Re: [HACKERS] [POC] Faster processing at Gather node

From: Andres Freund <andres(at)anarazel(dot)de>
To: Robert Haas <robertmhaas(at)gmail(dot)com>
Cc: Amit Kapila <amit(dot)kapila16(at)gmail(dot)com>, Rafia Sabih <rafia(dot)sabih(at)enterprisedb(dot)com>, PostgreSQL Developers <pgsql-hackers(at)postgresql(dot)org>
Subject: Re: [HACKERS] [POC] Faster processing at Gather node
Date: 2018-02-07 18:41:37
Message-ID: 20180207184137.5mv4bipj3t7hbncv@alap3.anarazel.de
Views: Raw Message | Whole Thread | Download mbox | Resend email
Thread:
Lists: pgsql-hackers

Hi,

On 2018-01-25 12:09:23 -0500, Robert Haas wrote:
> > Perhaps a short benchmark for 32bit systems using shm_mq wouldn't hurt?
> > I suspect there won't be much of a performance impact, but it's probably
> > worth checking.
>
> I don't think I understand your concern here.
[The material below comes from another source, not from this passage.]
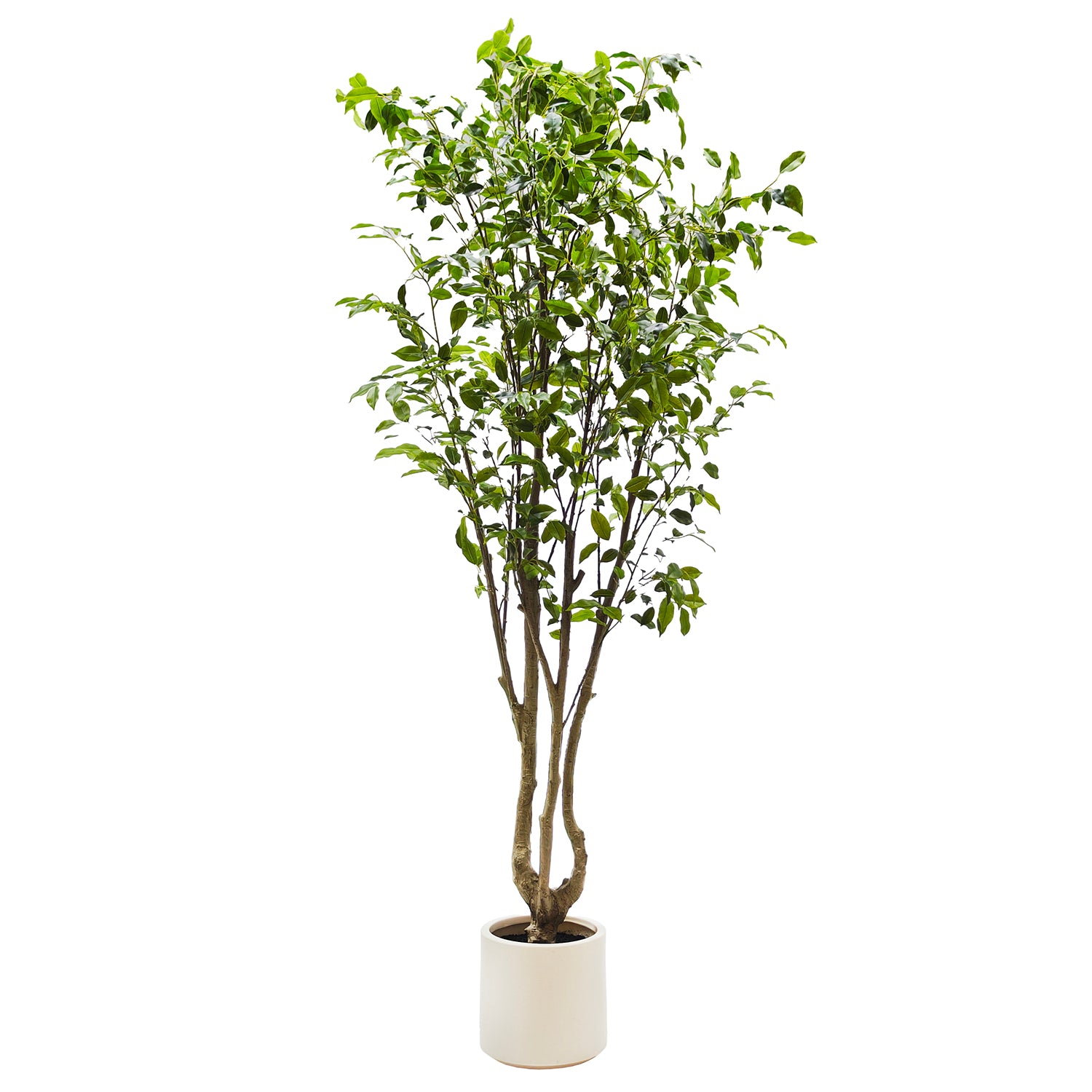VESTIAMO CASA - Pianta Artificiale Ficus in vaso - h240 cm diametro 26 cm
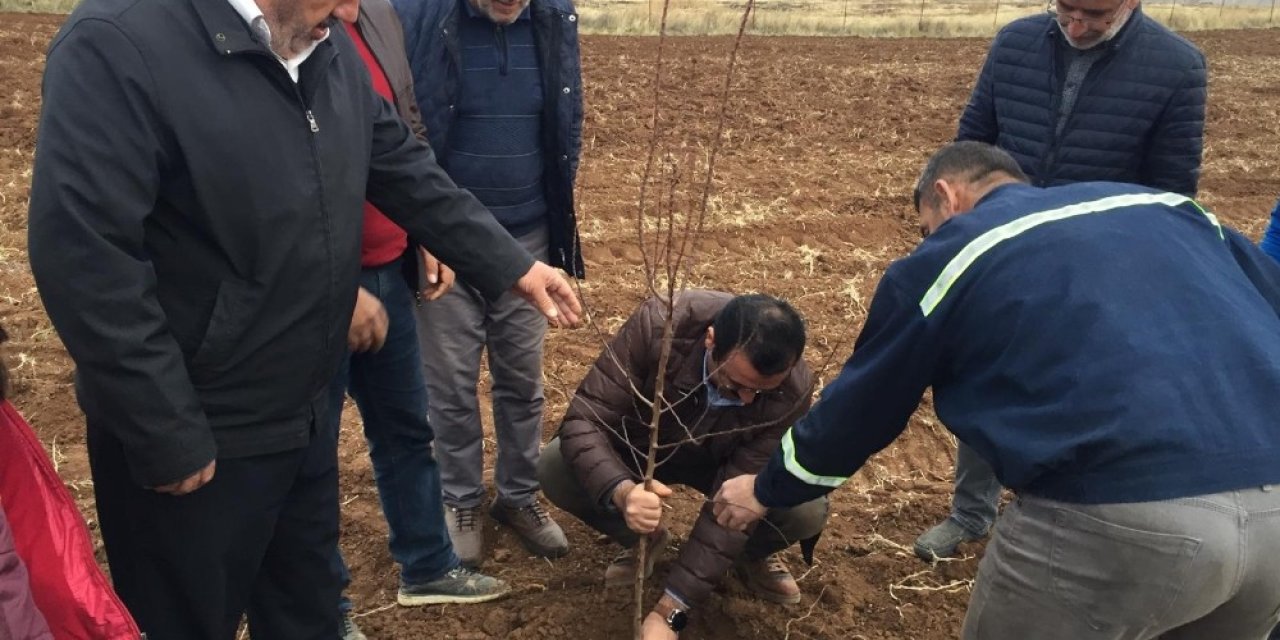 Siirt’te Badem Ve Ceviz Yetiştiriciliği Yaygınlaştırılıyor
If this is used on a
> system where we're emulating atomics and barriers in painful ways, it
> might hurt performance, but I think we have a policy of not caring.

Well, it's more than just systems like that - for 64bit atomics we
sometimes do fall back to spinlock based atomics on 32bit systems, even
if they support 32 bit atomics.

> Also, I don't know where I'd find a 32-bit system to test.

You can compile with -m32 on reasonable systems ;)

> >> Assert(used <= ringsize);
> >> available = Min(ringsize - used, nbytes - sent);
> >>
> >> /* Bail out if the queue has been detached. */
> >> - if (detached)
> >> + if (mq->mq_detached)
> >
> > Hm, do all paths here guarantee that mq->mq_detached won't be stored on
> > the stack / register in the first iteration, and then not reread any
> > further? I think it's fine because every branch of the if below ends up
> > in a syscall / barrier, but it might be worth noting on that here.
>
> Aargh. I hate compilers. I added a comment. Should I think about
> changing mq_detached to pg_atomic_uint32 instead?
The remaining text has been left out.